PROBLEM
Nothing but the lines below from the one holding "Massager Gun 4" up to and including the one holding "Ara 22 Inch" should be copied, exactly and without pictures.

SUPPLIED DATA
= = = =

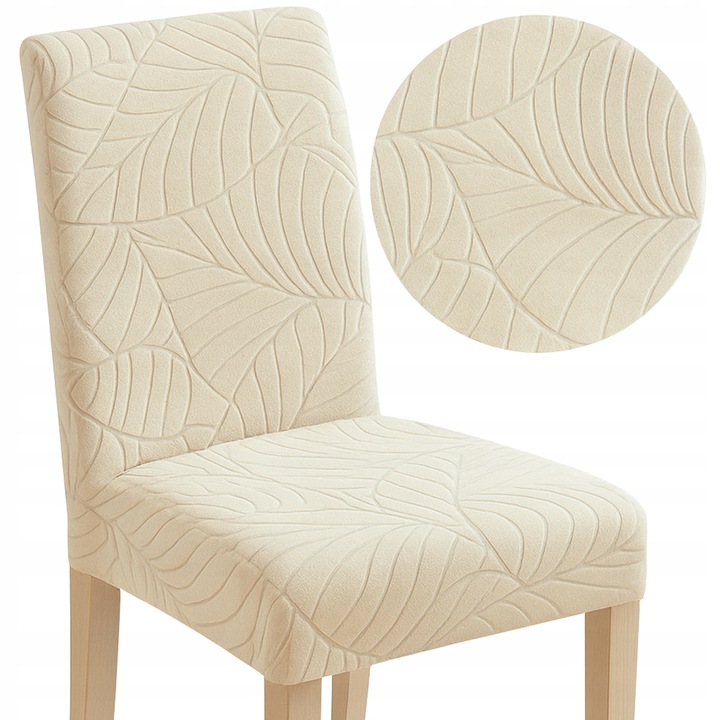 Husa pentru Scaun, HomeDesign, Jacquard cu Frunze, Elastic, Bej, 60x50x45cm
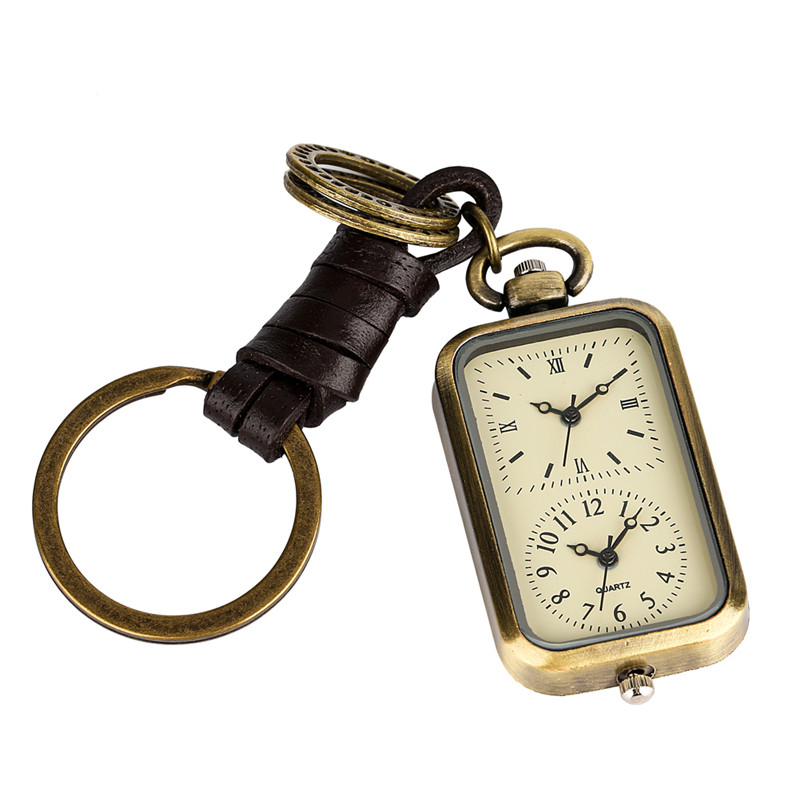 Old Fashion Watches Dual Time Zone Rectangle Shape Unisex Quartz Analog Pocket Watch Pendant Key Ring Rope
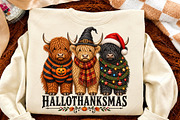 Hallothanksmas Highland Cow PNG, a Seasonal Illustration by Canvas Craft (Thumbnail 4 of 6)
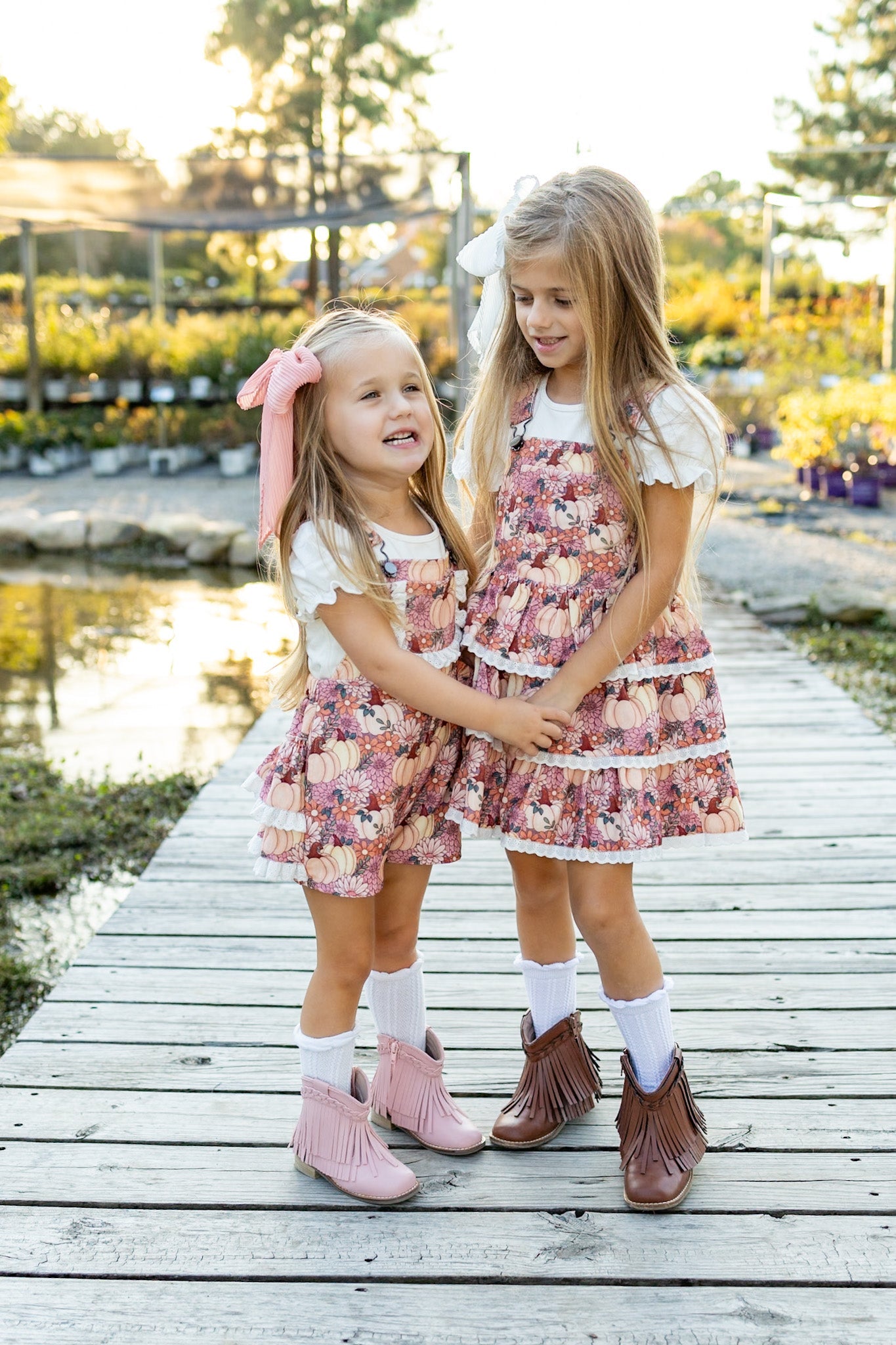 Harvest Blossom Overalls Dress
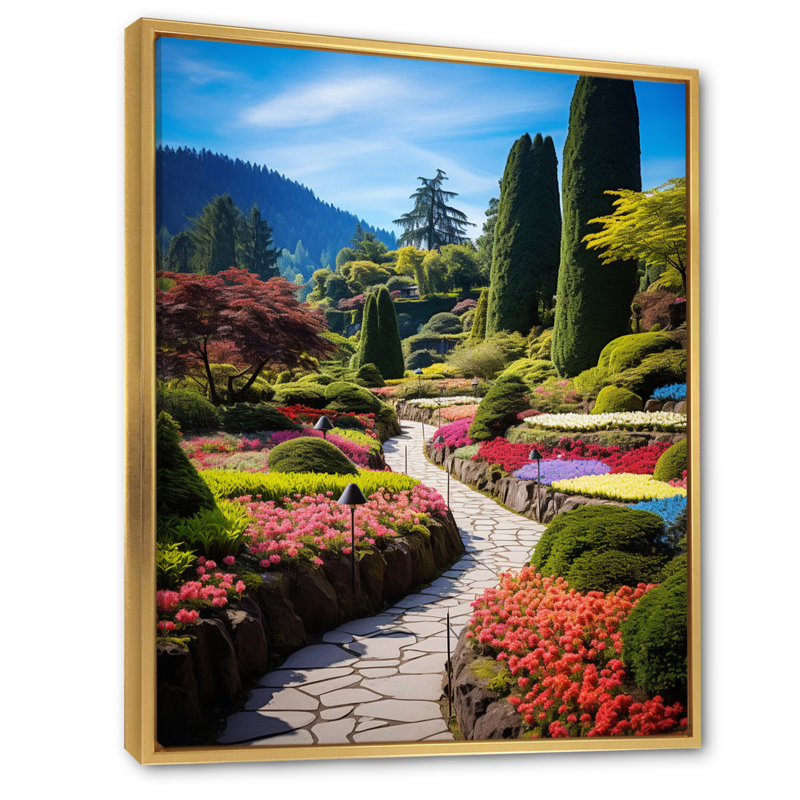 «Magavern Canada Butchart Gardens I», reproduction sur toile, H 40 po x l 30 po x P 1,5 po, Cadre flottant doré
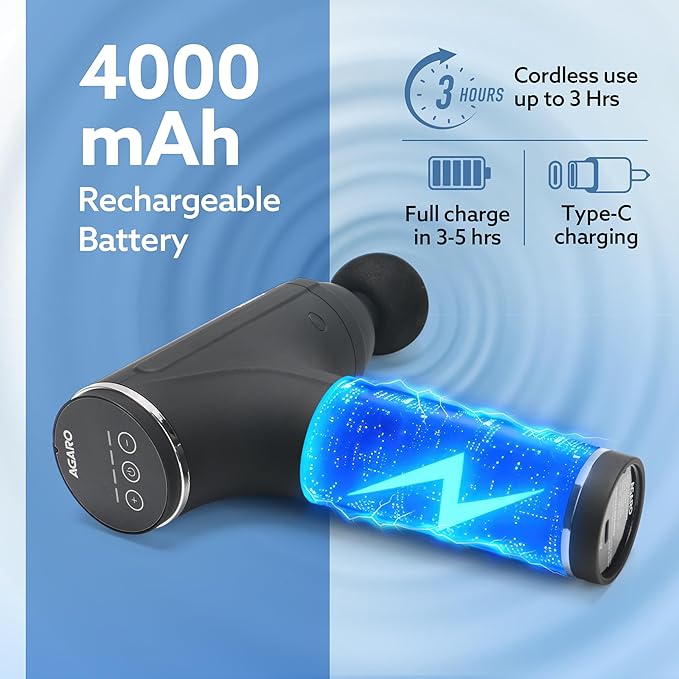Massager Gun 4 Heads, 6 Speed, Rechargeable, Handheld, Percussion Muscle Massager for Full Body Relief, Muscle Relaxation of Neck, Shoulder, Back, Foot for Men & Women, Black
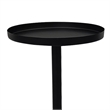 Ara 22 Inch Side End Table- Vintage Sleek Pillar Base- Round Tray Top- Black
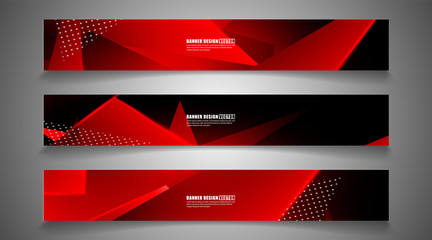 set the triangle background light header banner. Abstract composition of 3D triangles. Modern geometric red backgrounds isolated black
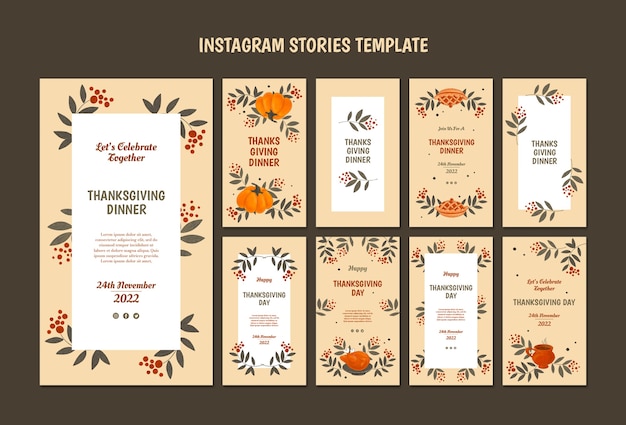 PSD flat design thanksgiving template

= = = =

EXERCISE ANSWER
Massager Gun 4 Heads, 6 Speed, Rechargeable, Handheld, Percussion Muscle Massager for Full Body Relief, Muscle Relaxation of Neck, Shoulder, Back, Foot for Men & Women, Black
 Ara 22 Inch Side End Table- Vintage Sleek Pillar Base- Round Tray Top- Black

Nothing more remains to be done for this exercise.